Converts images and videos into a format suitable for ComputerCraft, based on sanjuuni.

Usage

Import this library using require:

const sanjuuni = require("sanjuuni");

You may call initOpenCL before doing any conversion to use GPU acceleration via OpenCL if available. Note that OpenCL is not currently built by default, but power users may recompile the module to link in OpenCL.

Image conversion generally has four (or five including source decoding) steps:

  1. Load the raw pixel data into an RGBImage instance.
  2. Generate an optimized palette using a reducePalette function.
  3. Convert the image to an indexed image using thresholdImage or a ditherImage function.
  4. Generate the final output using one of the make* functions.
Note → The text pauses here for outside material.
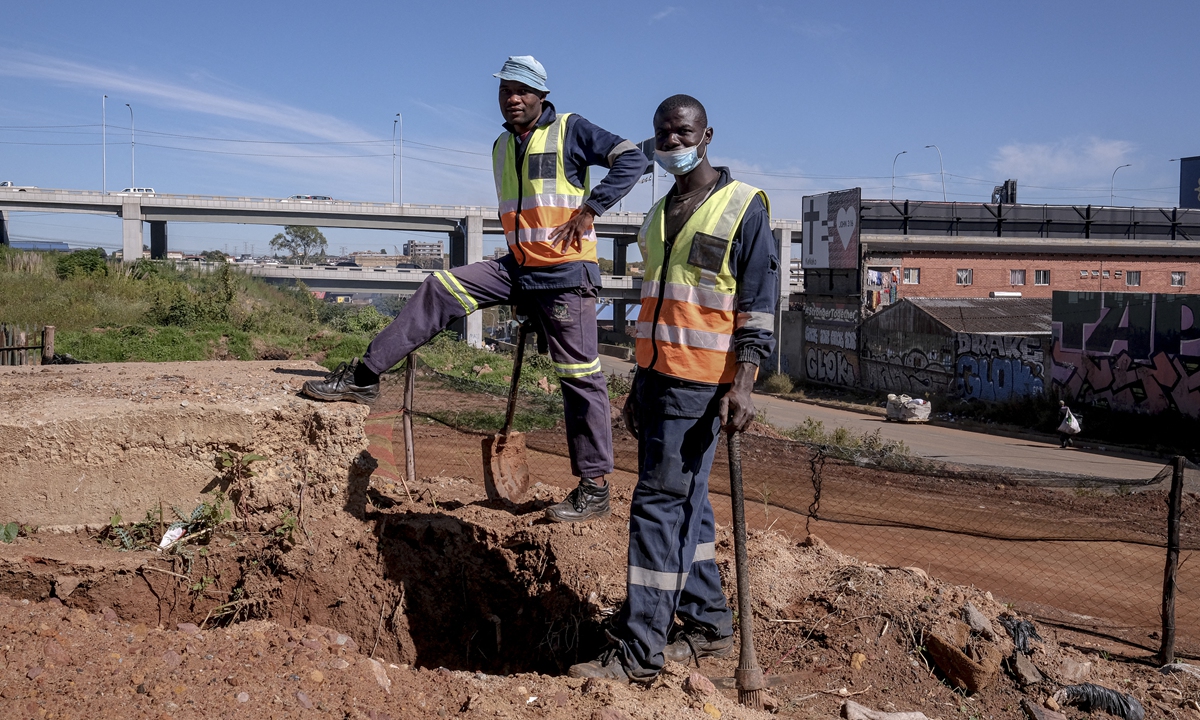 Johannesburg transport project digs into wounds of the past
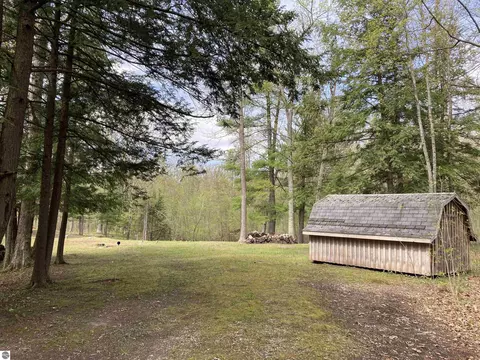 2866 Main St, Lupton, MI 48635 photo 3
Alternatively, using CIELab color space for more optimal color accuracy:

  1. Load the raw pixel data into an RGBImage instance.
  2. Convert the image into Lab space with makeLabImage.
  3. Generate an optimized palette using a reducePalette function.
  4. Convert the image to an indexed image using thresholdImage or a ditherImage function.
  5. Convert the palette back into RGB space with convertLabPalette.
  6. Generate the final output using one of the make* functions.
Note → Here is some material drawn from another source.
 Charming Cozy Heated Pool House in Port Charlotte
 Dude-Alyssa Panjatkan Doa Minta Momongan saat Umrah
For example, to generate a Lua script using Lab color, k-means quantization and Floyd-Steinberg dithering, operating on a BGRA buffer of pixels:

const img = sanjuuni.makeRGBImage(pixels, width, height, 'bgra');
const lab = sanjuuni.makeLabImage(img);
const labPalette = sanjuuni.reducePalette_kMeans(lab);
const idxImg = sanjuuni.ditherImage_floydSteinberg(lab, labPalette);
const palette = sanjuuni.convertLabPalette(labPalette);
const luaFile = sanjuuni.makeLuaFile(idxImg, palette);

Note that this module does not have any built-in image decoding capabilities; use other modules to decode files if necessary.

See the TypeScript typing file index.d.ts for complete documentation on the available functions.

License

node-sanjuuni is licensed under the GPLv2 license (or later at your choice).